Daesh has already succeeded in making Iraqi Prime Minister Haider Al-Abadi break his promise of recapturing the major northern city by the end of 2016, and forcing him to admit that it will take three months or more to finally dislodge the extremists. It has inflicted crushing fatalities on the Iraqi military, quite possibly up to 7,000 dead and many thousands more wounded, resulting in the loss of more than a division worth of manpower – an unacceptably high casualty rate of more than ten per cent against a numerically inferior Daesh of about 5,000 men.

Daesh will now capitalise on western Mosul’s geography, something that it has been fortifying for the past two years by preparing defensive positions, tunnels and ambush sites as a force multiplier. Western Mosul is an older part of the city, and many of its streets are suffocatingly narrow, meaning that Iraqi armoured vehicles will severely struggle to move down them. This means that armoured units will have to dismount and proceed on foot, or in lightly armoured vehicles that can be more easily taken out by Daesh explosives.

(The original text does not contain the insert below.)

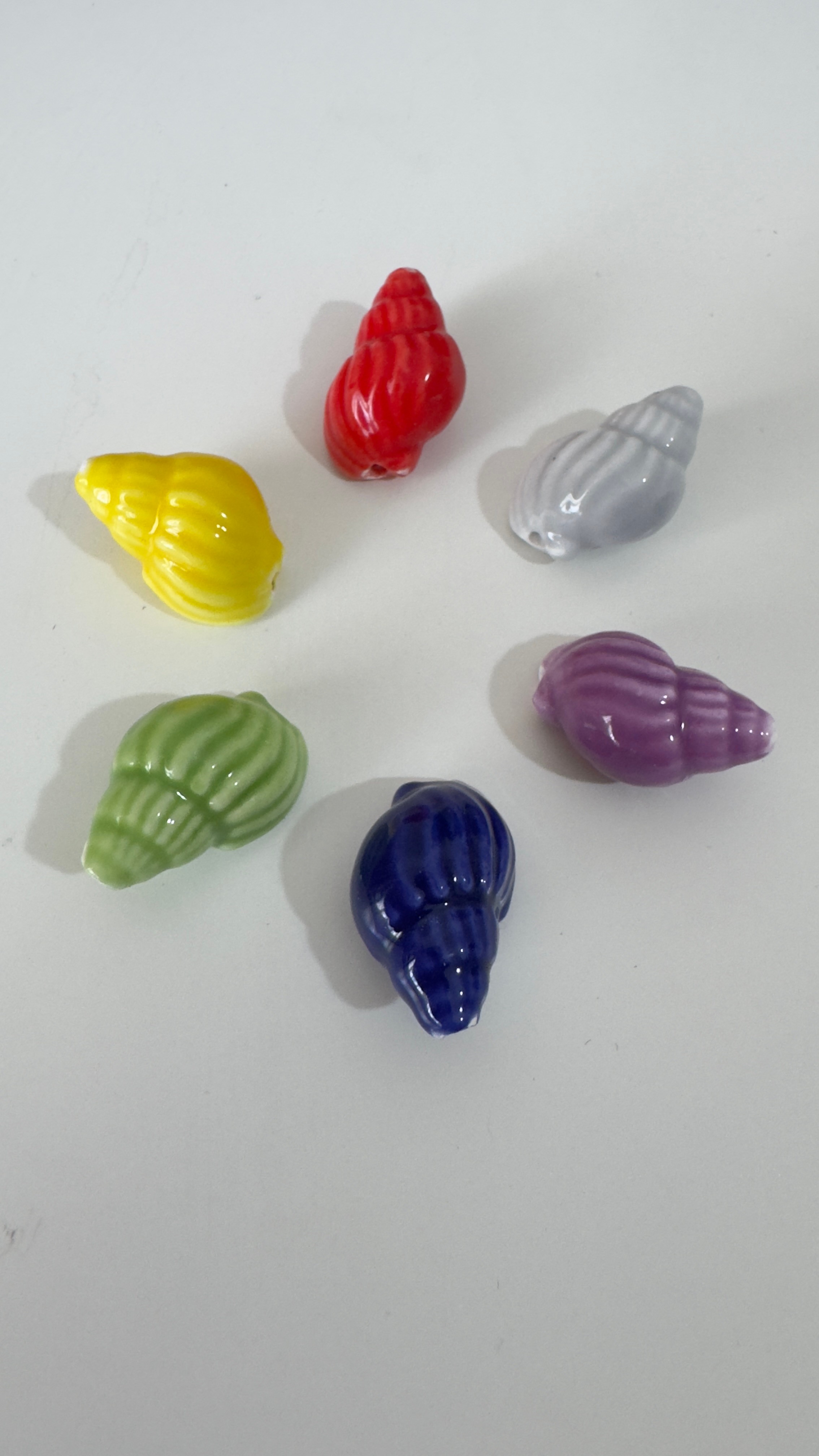Crab Mix ve Çelik Deniz Kabuğu Kolye Set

As a result, the fighting in Mosul from now on will begin to have more in common with the Wild West with armed men engaging in gun battles in the streets, and the Iraqi military will probably have an extremely bitter taste in its mouth when the dust finally settles later this spring or early in the summer. Daesh will not go out without a fight, and the Iraqi authorities will then have to contend with a lower intensity conflict organised by not only these extremists, but other groups opposed to the Iran-backed Green Zone regime that have been laying low for more than two years now. Combined, these groups will continue to sap Baghdad’s already stretched resources in mosquito-type attacks, particularly as the sectarian policies that led to Daesh’s rise are unlikely to end any time soon.